How would you evaluate the full search pipeline and its individual components offline and online?

Ответить самому

Сначала сформулируйте ответ как на собеседовании, затем откройте разбор и оцените себя.

Загрузка

Короткий ответ

Evaluate components with proxy labels and the whole pipeline with business A/B metrics. Always slice by geo, price, property type, query class, paid/organic mix and latency.

Полный разбор

Component metrics answer whether each block works: attribute extraction F1, geo parsing accuracy, retrieval recall@K, ranker nDCG/MRR, calibration and coverage. These metrics are useful for debugging but do not prove product value.

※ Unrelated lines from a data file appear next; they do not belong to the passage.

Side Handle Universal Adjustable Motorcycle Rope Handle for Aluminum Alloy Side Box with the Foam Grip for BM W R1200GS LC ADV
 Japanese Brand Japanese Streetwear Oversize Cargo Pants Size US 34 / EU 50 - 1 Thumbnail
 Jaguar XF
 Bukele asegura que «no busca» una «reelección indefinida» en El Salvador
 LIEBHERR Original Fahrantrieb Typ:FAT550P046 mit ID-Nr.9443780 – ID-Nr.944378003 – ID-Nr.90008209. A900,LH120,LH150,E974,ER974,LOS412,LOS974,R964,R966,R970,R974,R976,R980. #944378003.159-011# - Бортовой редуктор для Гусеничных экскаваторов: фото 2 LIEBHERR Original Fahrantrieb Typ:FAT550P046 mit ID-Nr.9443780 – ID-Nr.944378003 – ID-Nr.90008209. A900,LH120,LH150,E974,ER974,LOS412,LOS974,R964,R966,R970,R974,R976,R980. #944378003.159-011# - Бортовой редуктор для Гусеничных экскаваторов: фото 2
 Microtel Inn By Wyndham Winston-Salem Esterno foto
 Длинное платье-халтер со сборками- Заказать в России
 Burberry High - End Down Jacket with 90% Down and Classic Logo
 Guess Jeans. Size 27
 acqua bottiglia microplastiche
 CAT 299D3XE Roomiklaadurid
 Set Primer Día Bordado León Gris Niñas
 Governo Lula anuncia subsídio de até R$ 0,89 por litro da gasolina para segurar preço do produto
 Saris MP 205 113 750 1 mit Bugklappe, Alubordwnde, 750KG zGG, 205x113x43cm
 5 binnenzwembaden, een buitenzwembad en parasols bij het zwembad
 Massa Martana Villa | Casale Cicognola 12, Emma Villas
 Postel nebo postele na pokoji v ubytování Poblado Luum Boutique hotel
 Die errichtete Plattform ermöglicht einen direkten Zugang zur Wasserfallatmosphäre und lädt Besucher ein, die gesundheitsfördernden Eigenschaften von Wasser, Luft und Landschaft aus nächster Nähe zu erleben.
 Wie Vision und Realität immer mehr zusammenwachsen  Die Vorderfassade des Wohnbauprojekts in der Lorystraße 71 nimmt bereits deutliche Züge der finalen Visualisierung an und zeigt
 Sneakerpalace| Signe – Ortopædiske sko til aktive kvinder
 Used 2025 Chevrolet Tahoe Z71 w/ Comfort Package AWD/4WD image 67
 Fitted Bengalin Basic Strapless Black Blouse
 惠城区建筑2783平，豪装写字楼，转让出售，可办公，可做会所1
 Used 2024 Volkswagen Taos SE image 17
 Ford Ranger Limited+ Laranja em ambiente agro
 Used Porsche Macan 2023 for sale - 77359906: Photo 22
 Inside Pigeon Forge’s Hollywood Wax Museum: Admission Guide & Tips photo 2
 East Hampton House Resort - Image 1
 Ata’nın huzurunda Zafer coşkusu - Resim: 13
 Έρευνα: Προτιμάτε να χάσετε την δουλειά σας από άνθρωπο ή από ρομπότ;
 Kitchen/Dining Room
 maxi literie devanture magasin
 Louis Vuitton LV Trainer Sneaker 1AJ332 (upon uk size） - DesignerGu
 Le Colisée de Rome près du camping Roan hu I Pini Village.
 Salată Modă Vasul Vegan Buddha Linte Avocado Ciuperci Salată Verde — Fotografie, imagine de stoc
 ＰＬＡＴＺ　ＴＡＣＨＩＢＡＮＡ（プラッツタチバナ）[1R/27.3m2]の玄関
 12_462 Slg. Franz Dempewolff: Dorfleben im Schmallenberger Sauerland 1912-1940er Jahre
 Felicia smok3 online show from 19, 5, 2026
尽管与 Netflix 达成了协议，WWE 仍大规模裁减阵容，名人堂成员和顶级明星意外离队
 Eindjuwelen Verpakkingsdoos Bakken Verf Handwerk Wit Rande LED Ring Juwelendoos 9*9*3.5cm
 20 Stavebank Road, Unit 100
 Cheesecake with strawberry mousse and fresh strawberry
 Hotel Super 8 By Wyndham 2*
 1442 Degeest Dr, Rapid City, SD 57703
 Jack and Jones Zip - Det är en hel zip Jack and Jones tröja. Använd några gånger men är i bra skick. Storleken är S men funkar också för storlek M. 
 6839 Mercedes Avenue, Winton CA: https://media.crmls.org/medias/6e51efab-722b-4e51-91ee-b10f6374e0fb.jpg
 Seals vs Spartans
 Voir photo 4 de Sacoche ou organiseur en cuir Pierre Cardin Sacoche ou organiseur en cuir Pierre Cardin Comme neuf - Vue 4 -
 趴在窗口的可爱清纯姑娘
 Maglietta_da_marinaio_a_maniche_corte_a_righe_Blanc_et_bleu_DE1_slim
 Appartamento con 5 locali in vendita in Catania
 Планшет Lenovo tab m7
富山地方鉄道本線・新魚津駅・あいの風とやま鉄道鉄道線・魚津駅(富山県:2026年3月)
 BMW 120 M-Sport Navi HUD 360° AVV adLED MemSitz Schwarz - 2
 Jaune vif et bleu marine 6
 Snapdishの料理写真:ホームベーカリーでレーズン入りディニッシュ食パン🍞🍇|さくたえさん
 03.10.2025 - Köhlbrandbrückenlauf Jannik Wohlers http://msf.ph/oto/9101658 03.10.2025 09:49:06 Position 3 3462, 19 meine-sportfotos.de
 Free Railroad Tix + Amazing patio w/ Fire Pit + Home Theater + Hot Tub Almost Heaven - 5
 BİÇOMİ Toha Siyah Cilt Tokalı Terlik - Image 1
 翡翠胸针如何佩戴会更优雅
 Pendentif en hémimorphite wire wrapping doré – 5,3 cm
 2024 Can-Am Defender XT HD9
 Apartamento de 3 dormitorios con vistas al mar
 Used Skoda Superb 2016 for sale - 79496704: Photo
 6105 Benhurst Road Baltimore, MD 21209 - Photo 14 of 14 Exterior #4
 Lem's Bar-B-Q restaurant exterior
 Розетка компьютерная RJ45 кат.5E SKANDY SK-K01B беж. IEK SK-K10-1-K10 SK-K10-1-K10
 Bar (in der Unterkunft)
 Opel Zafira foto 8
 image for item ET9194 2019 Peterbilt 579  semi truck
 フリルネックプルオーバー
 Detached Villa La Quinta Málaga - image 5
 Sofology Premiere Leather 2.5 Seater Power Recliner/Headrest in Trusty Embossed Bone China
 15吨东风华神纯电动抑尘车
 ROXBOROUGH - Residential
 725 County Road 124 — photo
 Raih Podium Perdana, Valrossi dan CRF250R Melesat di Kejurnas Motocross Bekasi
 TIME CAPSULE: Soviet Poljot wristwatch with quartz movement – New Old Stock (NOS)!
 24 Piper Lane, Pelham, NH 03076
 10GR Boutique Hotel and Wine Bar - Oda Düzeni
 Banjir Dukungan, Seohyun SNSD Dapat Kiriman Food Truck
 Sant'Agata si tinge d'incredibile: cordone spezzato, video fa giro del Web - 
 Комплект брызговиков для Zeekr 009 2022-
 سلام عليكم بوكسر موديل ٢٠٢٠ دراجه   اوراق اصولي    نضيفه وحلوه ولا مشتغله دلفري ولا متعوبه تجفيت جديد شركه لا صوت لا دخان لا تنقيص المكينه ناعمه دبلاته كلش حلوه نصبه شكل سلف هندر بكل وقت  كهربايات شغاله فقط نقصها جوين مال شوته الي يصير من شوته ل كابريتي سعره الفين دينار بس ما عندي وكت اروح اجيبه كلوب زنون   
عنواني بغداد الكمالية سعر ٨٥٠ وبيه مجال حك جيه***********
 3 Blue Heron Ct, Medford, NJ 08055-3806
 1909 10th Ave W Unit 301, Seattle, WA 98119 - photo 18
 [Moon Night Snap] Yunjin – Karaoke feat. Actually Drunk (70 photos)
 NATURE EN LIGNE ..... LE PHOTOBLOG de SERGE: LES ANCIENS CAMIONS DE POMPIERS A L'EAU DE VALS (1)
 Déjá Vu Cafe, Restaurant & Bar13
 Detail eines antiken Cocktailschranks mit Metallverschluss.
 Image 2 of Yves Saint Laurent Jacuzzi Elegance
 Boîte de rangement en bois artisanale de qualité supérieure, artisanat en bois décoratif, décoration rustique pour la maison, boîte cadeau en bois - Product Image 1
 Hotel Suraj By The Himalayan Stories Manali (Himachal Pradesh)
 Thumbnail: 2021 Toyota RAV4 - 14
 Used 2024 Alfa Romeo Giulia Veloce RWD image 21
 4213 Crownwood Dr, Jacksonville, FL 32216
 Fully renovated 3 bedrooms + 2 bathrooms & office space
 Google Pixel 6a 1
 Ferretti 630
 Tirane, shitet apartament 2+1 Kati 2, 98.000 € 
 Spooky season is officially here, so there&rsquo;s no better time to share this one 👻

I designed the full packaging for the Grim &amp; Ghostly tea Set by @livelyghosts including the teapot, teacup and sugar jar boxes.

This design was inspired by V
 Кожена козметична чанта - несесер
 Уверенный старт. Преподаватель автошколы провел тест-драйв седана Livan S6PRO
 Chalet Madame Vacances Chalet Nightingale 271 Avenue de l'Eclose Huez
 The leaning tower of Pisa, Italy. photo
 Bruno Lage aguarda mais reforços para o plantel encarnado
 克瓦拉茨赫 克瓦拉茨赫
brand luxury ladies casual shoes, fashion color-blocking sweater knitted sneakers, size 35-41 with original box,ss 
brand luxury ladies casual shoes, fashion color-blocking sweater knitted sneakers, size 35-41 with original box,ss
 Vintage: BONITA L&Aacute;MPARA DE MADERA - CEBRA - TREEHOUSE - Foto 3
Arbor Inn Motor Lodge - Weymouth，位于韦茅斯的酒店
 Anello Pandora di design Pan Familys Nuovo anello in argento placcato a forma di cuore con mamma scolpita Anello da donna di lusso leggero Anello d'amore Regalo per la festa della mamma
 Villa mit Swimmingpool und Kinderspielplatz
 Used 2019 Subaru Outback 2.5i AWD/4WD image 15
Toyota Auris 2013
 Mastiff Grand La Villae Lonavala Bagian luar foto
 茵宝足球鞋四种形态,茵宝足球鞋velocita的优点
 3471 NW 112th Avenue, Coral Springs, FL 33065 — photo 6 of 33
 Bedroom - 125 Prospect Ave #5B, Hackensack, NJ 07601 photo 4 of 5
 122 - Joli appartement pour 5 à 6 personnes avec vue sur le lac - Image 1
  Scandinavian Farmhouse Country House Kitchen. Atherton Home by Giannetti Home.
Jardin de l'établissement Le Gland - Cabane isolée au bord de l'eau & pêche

The full pipeline needs online evaluation: CTR, listing opens, favorites, calls/messages, qualified leads, bookings/purchases, revenue and retention. Guardrails should include latency, empty results, complaint rate, diversity, long-tail coverage, fairness between paid and organic content and seller-side liquidity.

Slicing matters because real-estate search is heterogeneous. A model can improve Moscow rentals and hurt regional daily rentals, or improve cheap apartments and hurt premium new builds. Good evaluation reports slice by city/region, price band, property type, transaction type, query intent and paid-content exposure.

Теория

Component metrics debug the system; online marketplace metrics validate the system.

Типичные ошибки

  • Use only offline nDCG and skip A/B testing.
  • Average away important city and price-band regressions.
  • Ignore latency and empty-result guardrails.

Как отвечать на собеседовании

  • Say “components offline, full pipeline online”.
  • Name at least five important slices.